Scientist Evgeny Belyaev on the Challenges of Video Encoding, Limits of Compression, and Future of Streaming
Evgeny Belyaev has been working on various projects that deal with video encoding for over a decade. In this interview with ITMO.NEWS, he talks about the nature of video encoding, working in this field, and how it feels to return home after years abroad.
What is it that you do?
My research interests lie in the field of video data compression and transmission and, in general, all of my work falls into this category. There are many different challenges and tasks in this area: one such task is to perfect the quality of current video compression algorithms, which means working on developing video formats such as MPEG-2 and MPEG-4. Currently, H.264 or MPEG-4 Part 10, Advanced Video Coding (H.264/AVC) is the most frequently used video coding standard.

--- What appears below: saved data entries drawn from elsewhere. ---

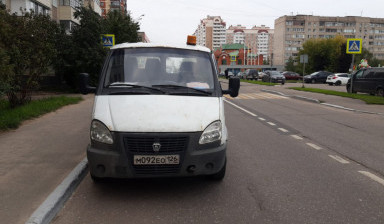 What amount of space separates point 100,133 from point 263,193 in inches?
84.1

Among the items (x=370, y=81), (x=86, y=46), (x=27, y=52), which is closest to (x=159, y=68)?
(x=27, y=52)

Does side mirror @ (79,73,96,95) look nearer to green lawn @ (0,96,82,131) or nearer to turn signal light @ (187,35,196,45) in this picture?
turn signal light @ (187,35,196,45)

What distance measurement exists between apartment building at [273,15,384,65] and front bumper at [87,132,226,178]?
138m

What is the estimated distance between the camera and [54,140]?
305 inches

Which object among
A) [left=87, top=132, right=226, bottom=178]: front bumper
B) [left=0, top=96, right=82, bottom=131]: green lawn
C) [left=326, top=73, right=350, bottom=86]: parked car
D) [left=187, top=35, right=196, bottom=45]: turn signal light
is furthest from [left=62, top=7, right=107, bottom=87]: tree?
[left=326, top=73, right=350, bottom=86]: parked car

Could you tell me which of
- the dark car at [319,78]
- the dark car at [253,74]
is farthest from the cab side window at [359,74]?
the dark car at [253,74]

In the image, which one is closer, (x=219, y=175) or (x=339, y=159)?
(x=219, y=175)

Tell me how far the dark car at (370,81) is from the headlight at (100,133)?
1998 cm

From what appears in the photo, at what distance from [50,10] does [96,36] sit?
12.3 meters

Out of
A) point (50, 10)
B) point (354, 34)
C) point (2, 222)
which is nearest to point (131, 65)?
point (2, 222)

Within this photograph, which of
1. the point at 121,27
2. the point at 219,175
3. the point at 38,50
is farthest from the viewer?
the point at 121,27

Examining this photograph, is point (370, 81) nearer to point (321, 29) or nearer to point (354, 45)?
point (354, 45)

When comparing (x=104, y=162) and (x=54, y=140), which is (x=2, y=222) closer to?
(x=104, y=162)

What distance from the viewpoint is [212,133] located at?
4.48m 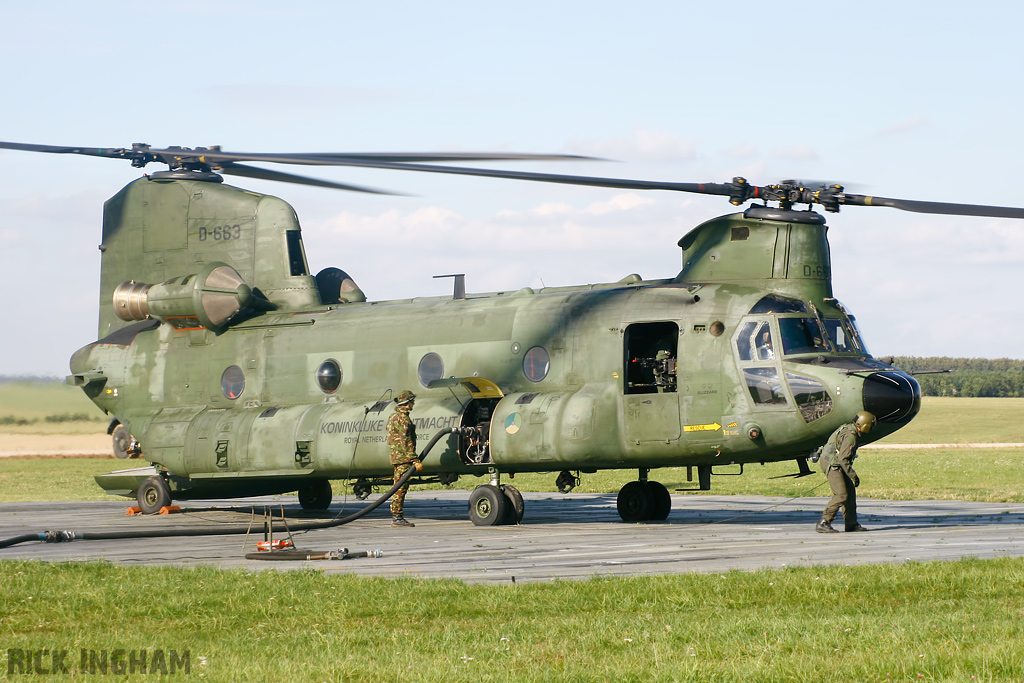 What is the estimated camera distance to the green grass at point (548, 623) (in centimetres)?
815

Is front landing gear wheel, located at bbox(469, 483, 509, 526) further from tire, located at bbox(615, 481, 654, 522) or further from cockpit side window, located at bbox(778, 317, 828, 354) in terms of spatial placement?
cockpit side window, located at bbox(778, 317, 828, 354)

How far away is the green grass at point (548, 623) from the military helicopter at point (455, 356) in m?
6.03

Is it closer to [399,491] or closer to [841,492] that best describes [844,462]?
[841,492]

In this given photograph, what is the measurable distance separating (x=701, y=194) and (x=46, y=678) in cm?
1293

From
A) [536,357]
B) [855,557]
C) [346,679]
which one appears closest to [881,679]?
[346,679]

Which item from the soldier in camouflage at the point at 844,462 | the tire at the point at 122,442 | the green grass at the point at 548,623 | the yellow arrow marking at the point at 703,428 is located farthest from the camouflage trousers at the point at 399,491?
the tire at the point at 122,442

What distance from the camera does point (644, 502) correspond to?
2134cm

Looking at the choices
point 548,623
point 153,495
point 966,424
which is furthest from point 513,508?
point 966,424

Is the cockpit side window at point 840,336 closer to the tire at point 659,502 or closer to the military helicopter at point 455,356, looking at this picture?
the military helicopter at point 455,356

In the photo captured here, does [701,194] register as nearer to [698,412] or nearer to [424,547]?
[698,412]

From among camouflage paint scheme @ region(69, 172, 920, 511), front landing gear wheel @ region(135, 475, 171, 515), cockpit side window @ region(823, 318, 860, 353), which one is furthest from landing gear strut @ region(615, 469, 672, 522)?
front landing gear wheel @ region(135, 475, 171, 515)

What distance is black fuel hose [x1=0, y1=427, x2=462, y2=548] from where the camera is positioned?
55.5 ft

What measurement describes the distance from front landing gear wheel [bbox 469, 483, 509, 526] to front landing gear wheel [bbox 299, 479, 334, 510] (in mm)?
5903

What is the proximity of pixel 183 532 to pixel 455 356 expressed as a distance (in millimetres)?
5771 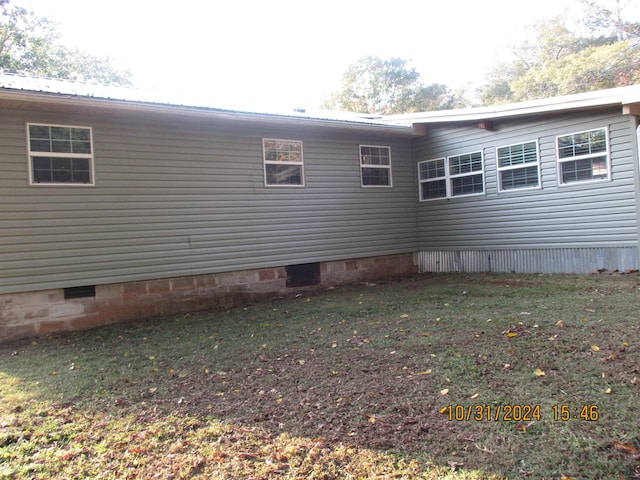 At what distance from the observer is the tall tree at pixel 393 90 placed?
29391 millimetres

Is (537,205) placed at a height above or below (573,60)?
below

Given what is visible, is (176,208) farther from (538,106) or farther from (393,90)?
(393,90)

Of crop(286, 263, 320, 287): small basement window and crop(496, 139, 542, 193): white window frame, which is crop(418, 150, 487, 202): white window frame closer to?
crop(496, 139, 542, 193): white window frame

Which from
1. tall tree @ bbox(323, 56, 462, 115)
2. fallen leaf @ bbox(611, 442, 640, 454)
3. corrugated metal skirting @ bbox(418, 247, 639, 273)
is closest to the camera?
fallen leaf @ bbox(611, 442, 640, 454)

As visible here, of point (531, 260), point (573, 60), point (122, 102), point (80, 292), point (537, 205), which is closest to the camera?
point (122, 102)

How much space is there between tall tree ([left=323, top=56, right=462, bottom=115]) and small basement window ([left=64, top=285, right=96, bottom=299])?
25680 mm

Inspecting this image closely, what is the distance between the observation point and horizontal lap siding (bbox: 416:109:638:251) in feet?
25.4

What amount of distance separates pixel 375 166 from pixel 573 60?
1649 centimetres

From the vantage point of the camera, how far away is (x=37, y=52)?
18.9m

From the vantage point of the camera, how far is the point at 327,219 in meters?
9.41

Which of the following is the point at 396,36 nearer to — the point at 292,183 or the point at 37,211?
the point at 292,183

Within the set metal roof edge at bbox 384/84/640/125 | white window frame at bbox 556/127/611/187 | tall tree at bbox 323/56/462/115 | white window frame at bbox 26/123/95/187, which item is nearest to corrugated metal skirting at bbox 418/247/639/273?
white window frame at bbox 556/127/611/187

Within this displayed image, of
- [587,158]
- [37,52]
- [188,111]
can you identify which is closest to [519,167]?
[587,158]

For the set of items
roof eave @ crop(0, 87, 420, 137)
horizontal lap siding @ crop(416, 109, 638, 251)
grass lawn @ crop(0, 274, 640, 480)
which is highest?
roof eave @ crop(0, 87, 420, 137) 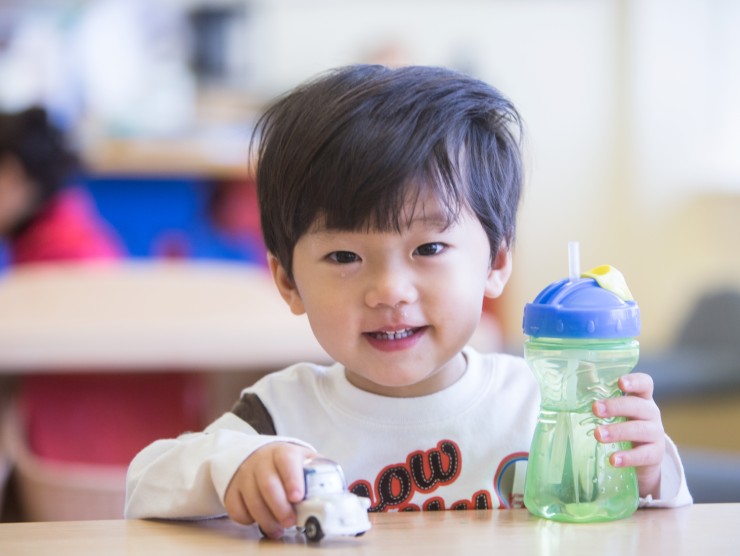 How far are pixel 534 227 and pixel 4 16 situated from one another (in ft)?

It was released in 2003 and is present in almost any existing device or video streaming service. There is an unspoken rule that every 10 years a new standard emerges that is two times better than the previous one, which means that it allows us to compress a video to half its size and retain the same visual quality. In 2013, the emerging H.265 High Efficiency Video Coding (H.265/HEVC) standard was released, which will supplant H.264/AVC in the nearest future. However, even before 2013, research was already being conducted to create a new standard, and right now H.266, known as Future Video Coding (H.266/FVC), is under development. I also took part in this initiative and was working on improving some of the algorithms that make up these codecs. In 2013, I participated in the Grand Video Compression Challenge (San Jose, CA, USA), where I got a finalist award for the reduction of H.265/HEVC video bit streams by about 0.5-1.5 % without a rise in complexity.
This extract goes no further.